Il risultato è stata una deviazione del fiume della storia del mondo verso le paludi di un medio-evo moderno. Tuttavia, il collasso del comunismo sovietico nel 1989 ha ora permesso a questo fiume di scorrere di nuovo verso il suo delta naturale – la globalizzazione contemporanea. Perché il significato profondo della globalizzazione è la generalizzazione della democrazia ad ogni parte del mondo, realizzando in ultima istanza i sogni del 1848, infrantisi durante la vita di Marx. Marx stesso, tuttavia, fece un errore cruciale nel pensare che la classe, nella forma del proletariato, sarebbe stata la portatrice dell’emancipazione dalla storia. Nei fatti, come aveva già mostrato l’esempio europeo nel 1848 e come avrebbe poi confermato l’intero ventesimo secolo, sono state le nazioni, e non le classi, a diventare le forze motrici della storia e le portatrici delle rivoluzioni democratiche per le quali aveva combattuto.

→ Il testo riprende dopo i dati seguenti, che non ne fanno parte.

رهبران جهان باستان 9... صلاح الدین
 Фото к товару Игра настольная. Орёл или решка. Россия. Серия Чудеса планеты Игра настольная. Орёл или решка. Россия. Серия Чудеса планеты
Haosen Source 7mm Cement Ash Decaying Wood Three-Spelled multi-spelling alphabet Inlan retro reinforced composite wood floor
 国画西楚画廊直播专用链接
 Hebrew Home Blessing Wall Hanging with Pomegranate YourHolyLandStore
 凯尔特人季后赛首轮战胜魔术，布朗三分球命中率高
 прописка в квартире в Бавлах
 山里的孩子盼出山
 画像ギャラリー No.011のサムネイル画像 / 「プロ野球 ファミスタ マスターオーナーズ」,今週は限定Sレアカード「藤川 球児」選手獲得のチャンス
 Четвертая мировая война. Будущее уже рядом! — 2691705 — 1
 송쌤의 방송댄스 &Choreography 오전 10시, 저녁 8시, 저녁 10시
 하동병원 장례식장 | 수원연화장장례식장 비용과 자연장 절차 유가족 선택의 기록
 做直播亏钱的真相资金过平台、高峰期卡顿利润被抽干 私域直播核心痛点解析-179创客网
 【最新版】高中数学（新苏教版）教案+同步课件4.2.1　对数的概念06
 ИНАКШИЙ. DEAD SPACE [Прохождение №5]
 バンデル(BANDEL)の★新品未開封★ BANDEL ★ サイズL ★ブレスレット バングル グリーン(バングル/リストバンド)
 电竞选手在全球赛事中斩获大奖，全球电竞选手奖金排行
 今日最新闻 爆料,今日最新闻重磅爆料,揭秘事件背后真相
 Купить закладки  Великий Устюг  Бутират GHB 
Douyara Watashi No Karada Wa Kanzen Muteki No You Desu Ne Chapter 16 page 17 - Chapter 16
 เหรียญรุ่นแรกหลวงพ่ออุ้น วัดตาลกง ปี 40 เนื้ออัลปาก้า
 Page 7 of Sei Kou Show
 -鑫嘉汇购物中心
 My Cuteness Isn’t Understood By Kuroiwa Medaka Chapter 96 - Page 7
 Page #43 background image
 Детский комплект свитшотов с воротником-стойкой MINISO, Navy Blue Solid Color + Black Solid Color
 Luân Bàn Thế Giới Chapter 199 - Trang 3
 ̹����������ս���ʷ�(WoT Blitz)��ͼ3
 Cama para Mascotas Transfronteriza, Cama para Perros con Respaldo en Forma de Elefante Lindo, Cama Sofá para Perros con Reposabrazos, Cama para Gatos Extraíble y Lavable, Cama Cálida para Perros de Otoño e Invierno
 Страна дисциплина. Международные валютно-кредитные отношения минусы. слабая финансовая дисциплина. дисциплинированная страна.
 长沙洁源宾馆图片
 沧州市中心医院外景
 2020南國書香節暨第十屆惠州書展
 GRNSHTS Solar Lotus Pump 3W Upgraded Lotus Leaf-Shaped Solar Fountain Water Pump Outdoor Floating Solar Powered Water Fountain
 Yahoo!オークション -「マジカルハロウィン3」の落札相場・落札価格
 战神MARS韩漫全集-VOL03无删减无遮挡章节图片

Tuttavia, così come il Marx-ismo avrebbe portato alla costruzione di una falsa democrazia, allo stesso modo anche la nazionalità è stata a tempo debito confiscata dal nazional-ismo – ovverosia dalle grandi potenze imperialiste – nel periodo dopo la guerra civile americana e la guerra franco-prussiana. Nella seconda metà del ventesimo secolo, tuttavia, la decolonizzazione del Terzo Mondo e la decomunistizzazione del Secondo potenzialmente permettono alle nazioni senza nazionalismo di formarsene uno proprio – l’unico quadro possibile per ‘la generalizzazione e l’approfondimento della democrazia come la precondizione di qualsiasi forma sociale l’oceano aperto davanti possa rendere attuabile’. Dopo l’11 settembre, un rinnovato nazionalismo Americano da grande potenza e l’economania neo-liberale hanno temporaneamente dirottato lo slancio progressista della globalizzazione. Tuttavia, questo non ci spingerà verso alcuna uniformità di mercato. La sua logica più profonda prevede, al contrario, per essere umanamente sostenibile, una diversità di nazioni democratiche, come una necessità antropologica – a scapito di una perdita di confini incompatibile con ogni tipo di identità. Nessuna omogeneità culturale o sociale ci attende alla supposta fine della storia. ‘Siamo ancora in mezzo alle rapide della modernità’.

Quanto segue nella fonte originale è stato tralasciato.